The crime in question occurred in March 1963 when an 18-year-old girl was forcibly grabbed by a man as she was walking home from her bus stop after working late at a movie house in Phoenix, Arizona. The attacker dragged her into his car, tied her hands behind her back and forced her to lie down in the back seat.

After driving for 20 minutes, the man stopped outside of the city and raped her. He demanded she give him her money and told her to lie down again in the back seat.

He then drove her back into the city, dropping her off blocks from her house.

Police Catch a Lead

Days after reporting the incident to the Phoenix Police, the 18-year-old and her cousin noticed a car driving slowly near the same bus stop and reported the suspicious car’s partial license plate to police. Police tracked the sedan to 29-year-old Twila Hoffman who was living in nearby Mesa, Arizona.

Hoffman had a live-in boyfriend by the name of Ernesto Miranda. When police showed up at the girlfriend’s door, Miranda spoke to them and agreed to go to the station and appear in a line-up. Ernesto Miranda, was a 24-year-old high school drop-out with a police record when he was accused in 1963 of kidnapping, raping and robbing an 18-year-old woman.

The victim was unable to make an immediate identification from the four-man line-up at the police station but Miranda was led to believe otherwise.
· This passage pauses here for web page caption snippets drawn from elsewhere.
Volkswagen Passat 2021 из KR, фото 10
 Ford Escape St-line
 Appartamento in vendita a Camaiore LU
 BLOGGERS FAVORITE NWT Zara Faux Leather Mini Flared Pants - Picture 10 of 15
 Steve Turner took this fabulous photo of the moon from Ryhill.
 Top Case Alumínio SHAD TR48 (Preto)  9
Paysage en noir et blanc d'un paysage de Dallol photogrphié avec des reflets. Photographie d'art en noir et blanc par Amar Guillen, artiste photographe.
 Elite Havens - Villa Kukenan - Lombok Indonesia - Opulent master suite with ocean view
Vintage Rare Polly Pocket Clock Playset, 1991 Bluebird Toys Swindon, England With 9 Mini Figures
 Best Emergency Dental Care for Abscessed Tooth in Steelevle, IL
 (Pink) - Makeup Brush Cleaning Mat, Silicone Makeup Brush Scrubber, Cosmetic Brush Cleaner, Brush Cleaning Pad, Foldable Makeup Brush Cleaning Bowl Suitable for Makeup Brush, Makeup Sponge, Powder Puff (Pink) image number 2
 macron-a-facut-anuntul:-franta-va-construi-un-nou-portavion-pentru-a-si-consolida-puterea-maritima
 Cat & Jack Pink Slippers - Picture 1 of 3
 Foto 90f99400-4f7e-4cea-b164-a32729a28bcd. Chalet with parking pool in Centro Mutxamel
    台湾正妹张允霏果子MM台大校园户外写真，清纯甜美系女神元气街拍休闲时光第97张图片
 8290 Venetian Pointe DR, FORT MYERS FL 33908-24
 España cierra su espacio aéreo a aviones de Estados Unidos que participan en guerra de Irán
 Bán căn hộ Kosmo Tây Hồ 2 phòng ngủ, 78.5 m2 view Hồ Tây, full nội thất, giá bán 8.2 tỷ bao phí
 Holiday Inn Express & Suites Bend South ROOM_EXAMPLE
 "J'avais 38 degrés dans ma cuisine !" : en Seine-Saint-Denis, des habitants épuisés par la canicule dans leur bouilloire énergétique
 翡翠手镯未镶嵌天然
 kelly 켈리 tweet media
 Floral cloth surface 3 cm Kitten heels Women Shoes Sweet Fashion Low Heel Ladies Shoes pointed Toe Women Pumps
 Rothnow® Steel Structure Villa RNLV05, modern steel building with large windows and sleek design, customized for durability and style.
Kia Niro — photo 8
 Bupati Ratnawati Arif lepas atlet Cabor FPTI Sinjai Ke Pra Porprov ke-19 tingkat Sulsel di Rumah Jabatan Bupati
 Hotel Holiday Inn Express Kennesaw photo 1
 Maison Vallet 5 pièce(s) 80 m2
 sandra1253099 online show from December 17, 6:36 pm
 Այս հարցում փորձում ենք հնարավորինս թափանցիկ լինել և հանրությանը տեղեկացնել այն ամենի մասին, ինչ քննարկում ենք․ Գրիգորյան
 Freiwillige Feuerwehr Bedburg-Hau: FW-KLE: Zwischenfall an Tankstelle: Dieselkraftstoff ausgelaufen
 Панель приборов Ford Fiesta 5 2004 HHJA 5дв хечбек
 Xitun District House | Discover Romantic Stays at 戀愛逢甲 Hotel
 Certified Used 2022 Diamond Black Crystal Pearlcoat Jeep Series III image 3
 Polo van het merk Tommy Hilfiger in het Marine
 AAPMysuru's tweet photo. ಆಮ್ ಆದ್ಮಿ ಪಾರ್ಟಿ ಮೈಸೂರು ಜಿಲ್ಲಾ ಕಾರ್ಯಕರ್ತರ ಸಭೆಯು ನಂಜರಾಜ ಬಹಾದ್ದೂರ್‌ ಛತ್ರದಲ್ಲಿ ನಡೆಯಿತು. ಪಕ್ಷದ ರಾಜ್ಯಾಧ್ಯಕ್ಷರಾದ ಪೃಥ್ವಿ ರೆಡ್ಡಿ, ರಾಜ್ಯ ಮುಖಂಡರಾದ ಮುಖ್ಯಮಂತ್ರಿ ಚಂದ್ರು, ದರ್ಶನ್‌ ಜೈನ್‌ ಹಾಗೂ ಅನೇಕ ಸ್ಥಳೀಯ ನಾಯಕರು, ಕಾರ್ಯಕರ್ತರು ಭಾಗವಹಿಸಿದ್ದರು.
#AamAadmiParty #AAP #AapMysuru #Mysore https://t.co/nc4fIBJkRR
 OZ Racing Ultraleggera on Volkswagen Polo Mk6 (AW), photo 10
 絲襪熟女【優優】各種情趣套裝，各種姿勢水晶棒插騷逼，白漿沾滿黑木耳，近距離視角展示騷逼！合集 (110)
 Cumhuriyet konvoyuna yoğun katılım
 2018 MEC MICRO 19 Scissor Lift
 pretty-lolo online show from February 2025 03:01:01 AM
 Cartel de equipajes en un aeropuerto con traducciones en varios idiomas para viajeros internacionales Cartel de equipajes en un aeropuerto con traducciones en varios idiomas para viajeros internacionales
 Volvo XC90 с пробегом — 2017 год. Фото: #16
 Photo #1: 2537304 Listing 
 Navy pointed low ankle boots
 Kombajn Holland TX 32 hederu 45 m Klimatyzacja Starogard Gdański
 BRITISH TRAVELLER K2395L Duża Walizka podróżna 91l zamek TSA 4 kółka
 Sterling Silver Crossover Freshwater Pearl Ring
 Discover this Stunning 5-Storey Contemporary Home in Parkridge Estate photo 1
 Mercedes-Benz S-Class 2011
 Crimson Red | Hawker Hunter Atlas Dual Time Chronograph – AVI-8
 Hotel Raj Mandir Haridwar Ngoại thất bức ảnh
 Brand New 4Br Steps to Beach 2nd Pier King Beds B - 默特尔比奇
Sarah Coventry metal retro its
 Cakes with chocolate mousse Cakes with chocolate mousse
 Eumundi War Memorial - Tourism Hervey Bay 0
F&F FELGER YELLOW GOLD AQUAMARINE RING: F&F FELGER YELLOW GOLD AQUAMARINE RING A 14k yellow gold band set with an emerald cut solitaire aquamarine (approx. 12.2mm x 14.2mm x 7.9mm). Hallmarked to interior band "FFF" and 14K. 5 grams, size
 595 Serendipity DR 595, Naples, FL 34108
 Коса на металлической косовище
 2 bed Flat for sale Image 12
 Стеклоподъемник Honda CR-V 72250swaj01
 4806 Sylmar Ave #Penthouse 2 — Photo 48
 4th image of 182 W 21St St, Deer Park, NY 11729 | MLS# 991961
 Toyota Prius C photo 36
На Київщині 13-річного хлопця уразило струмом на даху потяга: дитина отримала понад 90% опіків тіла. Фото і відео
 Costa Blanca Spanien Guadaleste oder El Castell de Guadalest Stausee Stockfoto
When Miranda asked afterwards, “How did I do?,” he was told by Captain Carroll Cooley, “Not too good, Ernie.”

The Confession

Miranda was then questioned for two hours without a lawyer. At one point, the detectives brought the victim into the room. One of them asked Miranda if this was the person he had raped. Miranda looked at her and said, “That’s the girl.”

Miranda eventually offered details of the crimes that closely matched the victim’s account. He agreed to formalize his confession in a written statement, which he wrote out under the words, “this confession was made with full knowledge of my legal rights, understanding any statement I make may be used against me.”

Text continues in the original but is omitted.